In 1967, Stephen added women's clothing to his Mod orientated repertoire, opening shops such as 'His N Hers' and 'Trecamp'. Once again anticipating hot styles and applying the same innovative approach to designs, John Stephen was easily able to attract a female following to his previously male orientated boutiques. Audacious Psychedelic prints on classic Mod shift dresses, Stephen also embraced the late Sixties Kaftan culture with outlandish oriental inspiration to tunics, shirts and accessories. Mod mini's with mad prints were perfectly suited to the Dandy-ist fashions found in the male counterpart boutiques. As his shop declared, this was a real 'His 'N Her' story. Famous celebrities including screen icons Elizabeth Taylor and Marlene Dietrich were even sporting John Stephen Mod inspired women's attire. Stephen's androgynous themes cleverly crossed over from women's to men's fashion. Coupled with this, the direction of store layout's could easily cater for a myriad of flamboyant tastes and be quickly adjusted to reflect the latest trends.

The times they are a changin':

By the lates Sixties, the Mod subculture Stephen's designs epitomised was changing. Stephen realised this and began developing new ideas to encapsulate the changing fashion trends. With links to football manifesting itself in the form of advertising hoardings at the Mexico 1970 World Cup, Stephen was attempting to broaden his market reach and scope. Stephen would even have franchise agreements in place in Russia and the USA.

As the Seventies and a new decade dawned, Stephen's business model had been replicated on London's busiest high streets. Carnaby Street once a hub for Mods and Mod Clothing was now merely a tourist haunt, a shadow of it's former glory. Stephen realising this decided to branch out and opened a wholesale arm to his operations that included a factory for clothing manufacture in his native Glasgow. This factory would employ in excess of 100 people.

Domino Male and Trecamp in 1966
The end of an era and a new dawn:

John Stephen floated his company in 1972, but after a series of leaner years and a downturn in fortune, Stephen sold the brand and ceased trading under his name in 1975. Stephen would then go on to re-invent himself as Francisco-M, focusing on cutting edge fashion with a continental influence, inspired by the fashions of Italy and France.

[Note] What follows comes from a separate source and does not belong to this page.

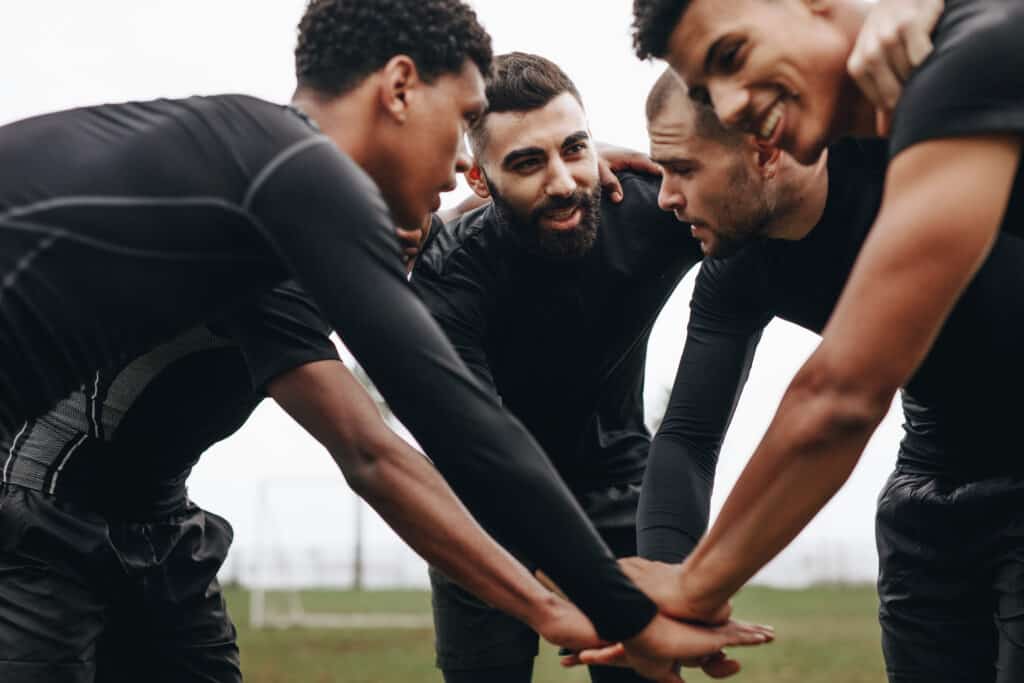 Athletes talking together during a timeout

In 1975, amidst the closure of his Mod related operations, the V&A museum in London acquired John Stephen's complete archive of works. This is held by the V&A costume department and to this day a number of retrospective exhibitions have taken place to celebrate his work.

As a further accolade, John Stephen was commemorated with a blue plaque on Carnaby Street to celebrate his achievements in transforming the street into a mecca of Swinging London, an icon of Mod culture and of course Mod Clothing. After all, His Clothes was the first fashion boutique to open down Carnaby Street all those years ago in 1958.

From the 'Peacock Revolution' to dandy Mod and Edwardian fashions, John Stephen put his sartorial stamp on the Swinging Sixties, Carnaby Street and Mod Clothing. A vanguard of young Mods had Stephen to thank for allowing them to ditch the staid and tired threads of their fathers and and dress impeccably, with originality and outlandish Mod flair. His Clothes signalled the start of something special, the start of a Mod revolution and the start of a whole new concept in Mens fast fashion.